Summer resorts and beaches.
This type of tourism was the first to be developed in Spain, and today, generates the most income for the Spanish economy. The mild climate during the whole year and the extensive sandy beaches of the Mediterranean and Atlantic Ocean as well as of its two archipelagoes (the Balearic Islands and the Canary Islands respectively) have been attracting tourists from Northern Europe for decades. The leading source markets of Spanish beach tourism are the UK (around 24% of the total arrivals in Spain in recent years), Germany and France (around 15-16% each), followed by Scandinavia and Italy (around 7% each) and the Netherlands (around 5%).
The most popular Spanish coasts are on its Mediterranean side, and include, from north to south clockwise:
- The Costa Brava, the Costa Daurada and the Costa del Maresme, in the autonomous community of Catalonia, very popular with visitors from France as well as inland Spain, with notable resorts like Salou and the city of Barcelona.
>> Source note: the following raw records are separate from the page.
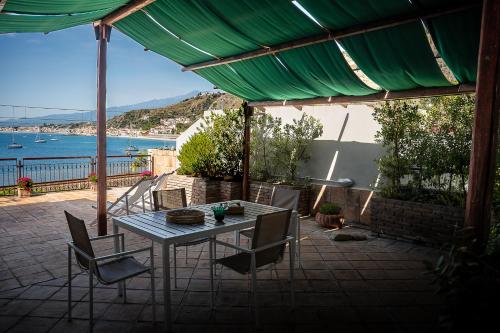 Taormina Mare Apartment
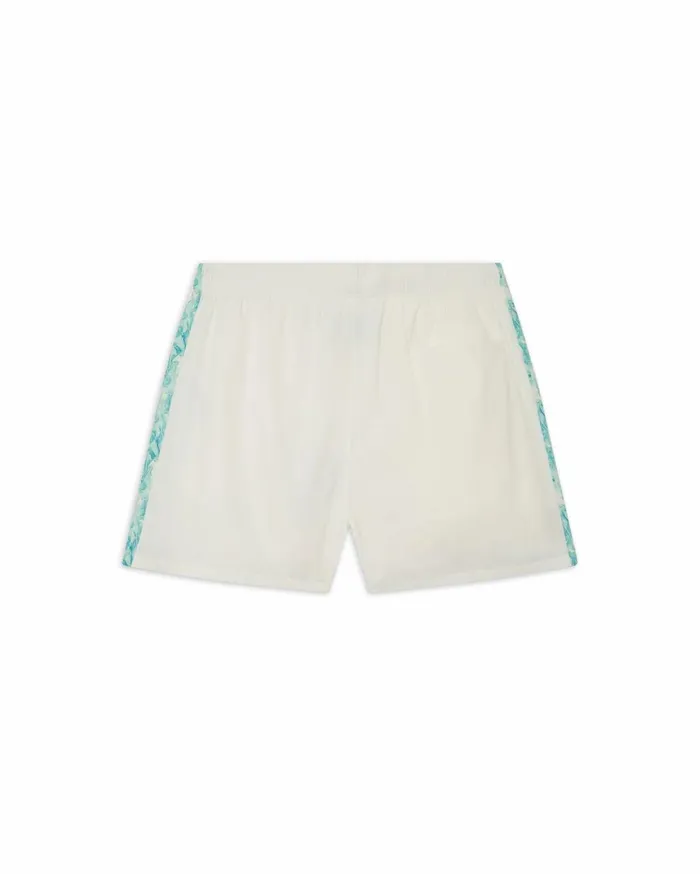 Aprs Sport Men Casablanca Paris Maison Des Palmiers Track Shorts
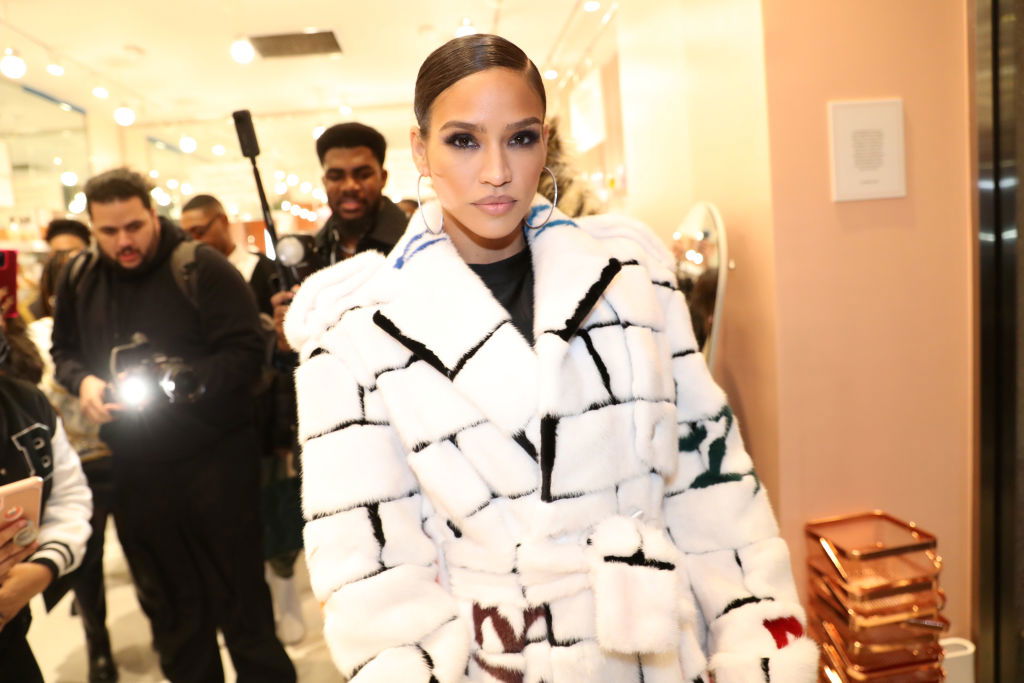 Cassie, Diddy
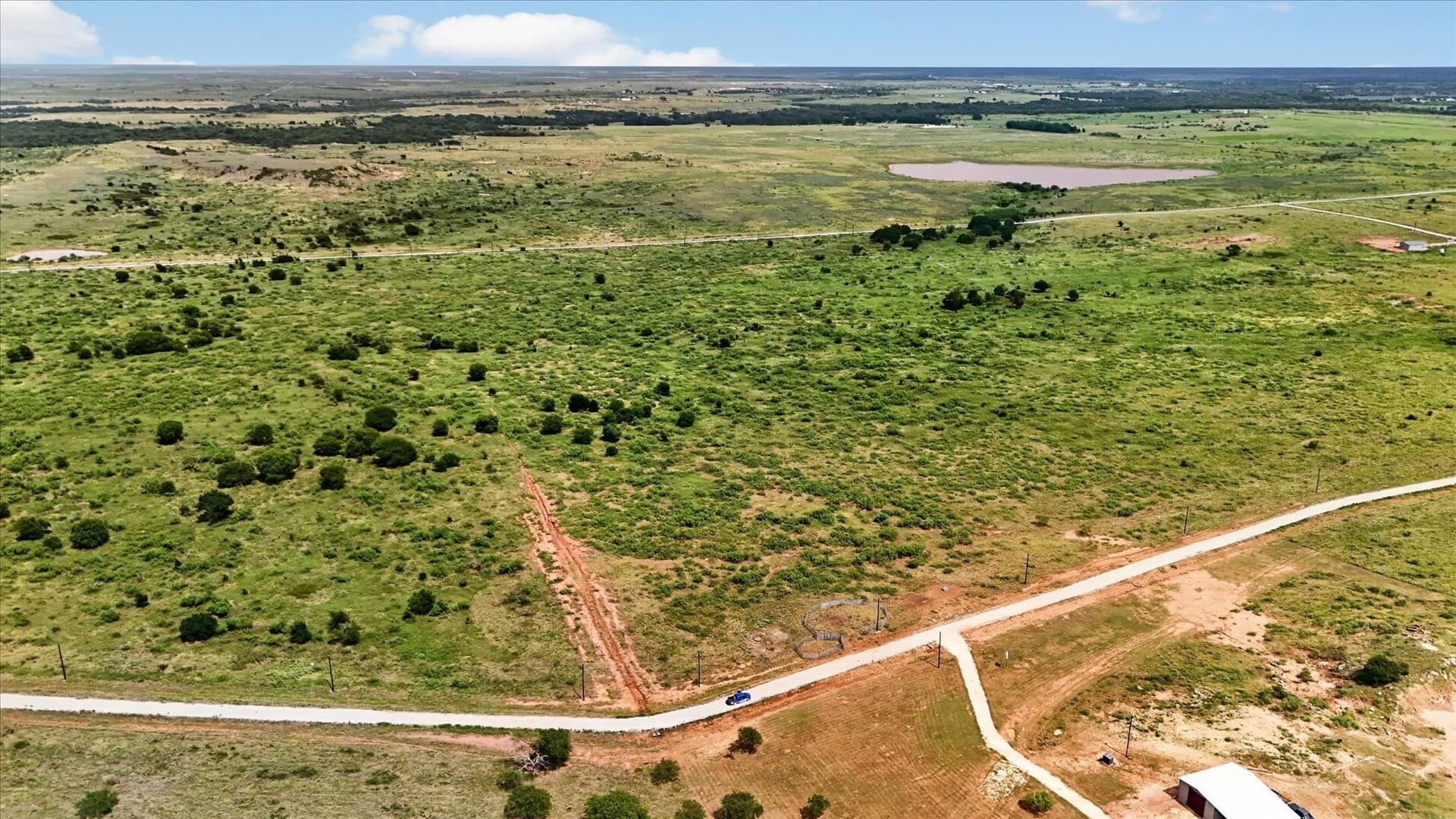 10.01 acres in Montague County gallery image 2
- The Costa Blanca, (one of the most developed coastal areas of Spain, extremely popular for tourists from the United Kingdom and Germany, with Benidorm as the leading summer city of Spain) and the Costa del Azahar are both in the Valencian Community.
- The Costa Cálida in the Region of Murcia and the Mar Menor, a lagoon by the Mediterranean sea.
- The Costa de Almería, the Costa Tropical, the Costa del Sol and the Costa de la Luz, all in the community of Andalusia. Some of the summer destinations here are renowned worldwide, such as Marbella in Málaga Province or Sotogrande in Cádiz province, both destinations for tourists and summer residents with big purchasing power. The city of Málaga is a notable Costa del Sol destination and also one of the largest harbours in Spain and frequented by cruise ships.
Spain’s two archipelagoes, the Balearic Islands off the mainland coast in the Mediterranean and the volcanic Canary Islands in the Atlantic, are also both very popular destinations with Spaniards and Europeans.
In addition to the summer tourism, other modalities like cultural and monumental tourism congresses, sport or fun tourism have been developed in these areas, including such famous cities as Barcelona and Valencia, the biggest harbours of the Spanish Mediterranean coast.
Many coastal or island places also have great ecological and natural importance. Theme Parks like PortAventura, Terra Mítica or diverse water-fun parks are also popular.
In 2014 Spain broke its own record of blue flag beaches, achieving 681 flags and becoming the leader in the Northern hemisphere. Spain is also the leader in blue flags for marinas.
Spain, as the second most mountainous country of Europe, is full of high mountains and good ski resorts, with famous ski slopes all over Spain, including the Pyrenees, the Sistema Central, the Sistema Ibérico and Sierra Nevada. For the most part, the main crest forms a massive divider between France and Spain, with the tiny country of Andorra sandwiched in between. The Crown of Aragon and the Kingdom of Navarre have historically extended on both sides of the mountain range, with small northern portions now in France and much larger southern parts now in Spain.
Sierra Nevada in Spain is a popular tourist destination, as its high peaks make skiing possible in one of Europe’s most southerly ski resorts, in an area along the Mediterranean Sea predominantly known for its warm temperatures and abundant sunshine. At its foothills is found the city of Granada and, a little further, Almería and Málaga.
Parts of the range have been included in the Sierra Nevada National Park. The range has also been declared a biosphere reserve. The Sierra Nevada Observatory is located on the northern slopes at an elevation of 2,800 metres (9,200 ft). The Sierra Nevada was formed during the Alpine Orogeny, a mountain-building event that also formed the European Alps to the east and the Atlas Mountains of northern Africa across the Mediterranean Sea to the south. The Sierra as observed today formed during the Paleogene and Neogene Periods (66 to 1.8 million years ago) from the collision of the African and Eurasian continental plates.